How does a Christian respond when there's just too much suffering?
The Syrian refugee crisis is the latest national debate, played out, as debates are these days, on Facebook feeds and talk shows, on blogs and in political discourses.
Some want to shut down our borders, a decision not stemming from maliciousness but rather a genuine fear that not doing so would put our country at risk. Others recall the parable of the Good Samaritan, contending that we have a duty to shelter, comfort and help these people, for they too are our brothers and sisters.
Regardless of where people stand, the recent events in Paris have jarred us—they’ve given us view to not only horror and violence, but a deep, harrowing sense of human suffering.
When I first learned of the news about the attack in Paris, I felt tremendous sadness, sorrow and anger. Even more, what I felt was an aching helplessness. How do we as Christians respond to this suffering—to the suffering families in France, to the suffering mass of refugees without a home or country, to the suffering people being terrorized and killed throughout the world?
It’s true that we must be guided by the spirit of the law—which is love—rather than a blind legalism or poisonous apathy that tempts us to ignore our responsibility of imaging Christ to others—even when these “others” come ashore with some potentially dangerous unknowns.
But what does this actually look like in a world infected with a frightening amount of suffering, misery and evil, especially when the suffering, often, is too great for us to remedy. Instead, we learn that God sometimes asks us to simply mourn with him—to enter into the world’s suffering just as he did.
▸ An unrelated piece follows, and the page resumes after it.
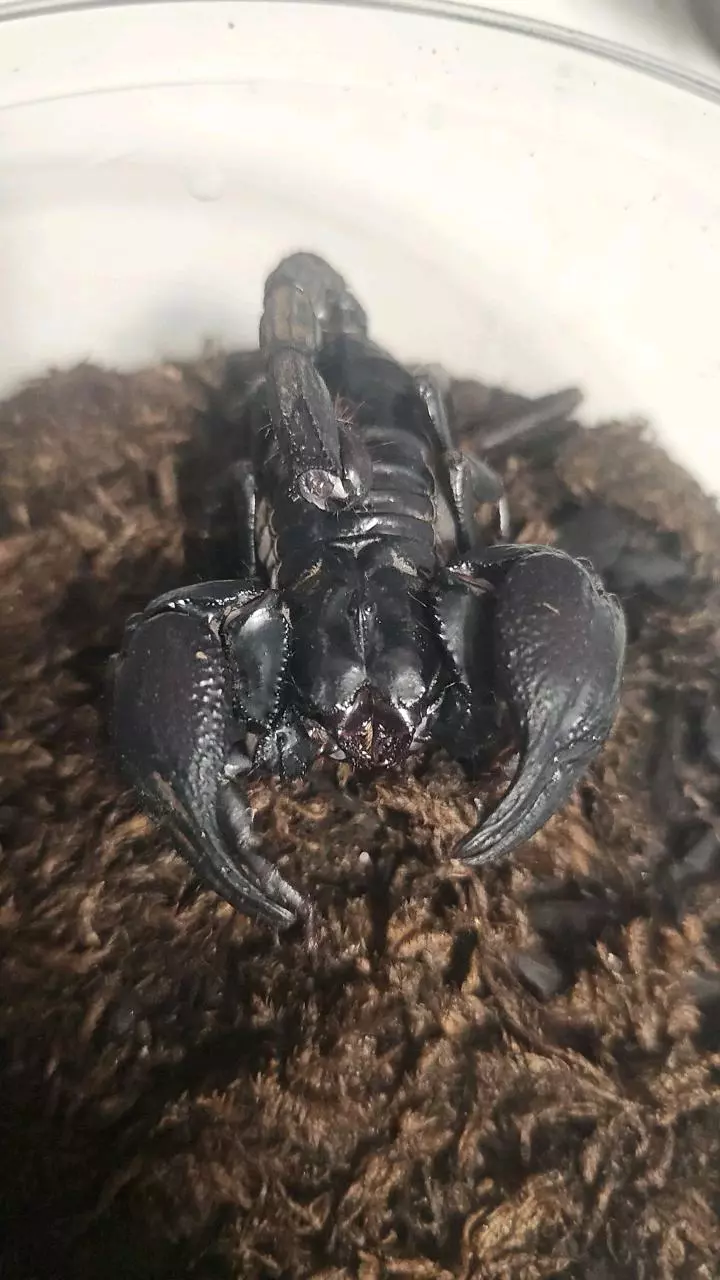Asian forest scorpion (Heterometrus spinifer) thumbnail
Suffering doesn’t always come in the way of irrational violence but sometimes in unexplainable illness, far-reaching poverty, debilitating addictions, abusive and broken relationships and countless other forms. In a modern, technological world that grants instant and constant access to sobering news of human misery, how do we keep our eyes open? How do we not give into a stoicism or cynicism that prevents us from facing the ugliness of the world without losing hope?
We should strive to keep our hearts open to the sufferings and wretchedness of other people, and pray continually that God may grant us that spirit of compassion which is truly the spirit of God.
—Saint Vincent de Paul
In keeping our hearts and eyes open to witnessing the suffering of others, no matter how bad, we are able to act. Our response may only be a prayer offered in humility, knowing that we are incapable of doing anything else but uniting our hearts to the God who suffers with us. Or it may be a response to love concretely and sacramentally—to befriend a lonely stranger, sit in the company of a sick relative, or offer the gift of food and friendship to a neighbor without either. Whatever the response, it’s always one that doesn’t come easy.
“Compassion is hard because it requires the inner disposition to go with others to a place where they are weak, vulnerable, lonely, and broken. But this is not our spontaneous response to suffering. What we desire most is to do away with suffering by fleeing from it or finding a quick cure for it.”
—Henri J. M. Nouwen
While we will surely see the fruit of our efforts to relieve others’ suffering at times, most often we won’t. We’ll look out at a suffering world and have nothing to offer but a prayer of longing. Often we’ll see that the suffering around us is too great, and we too small to shoulder it.
And often we’ll see that we weren’t called to eliminate the world’s suffering after all, but rather, to enter into it as Christ did—as the Son of God did while hanging from a tree naked, vulnerable and utterly helpless. In some mysterious way, in our helplessness, we learn to hold onto the world’s suffering with a spirit of unwavering hope—knowing without a doubt that in the fullness of time, God will make all things new.
As we enter into this Advent season, and prepare ourselves for the birth of our King, let us not remain blind to the suffering of others, but instead reach out to them regardless of the visible outcome, with the patient love that knows no limits.
O come, Thou Day-Spring, come and cheerOur spirits by Thine advent hereDisperse the gloomy clouds of nightAnd death’s dark shadows put to flight.Rejoice! Rejoice! Emmanuel shall come to thee, O Israel.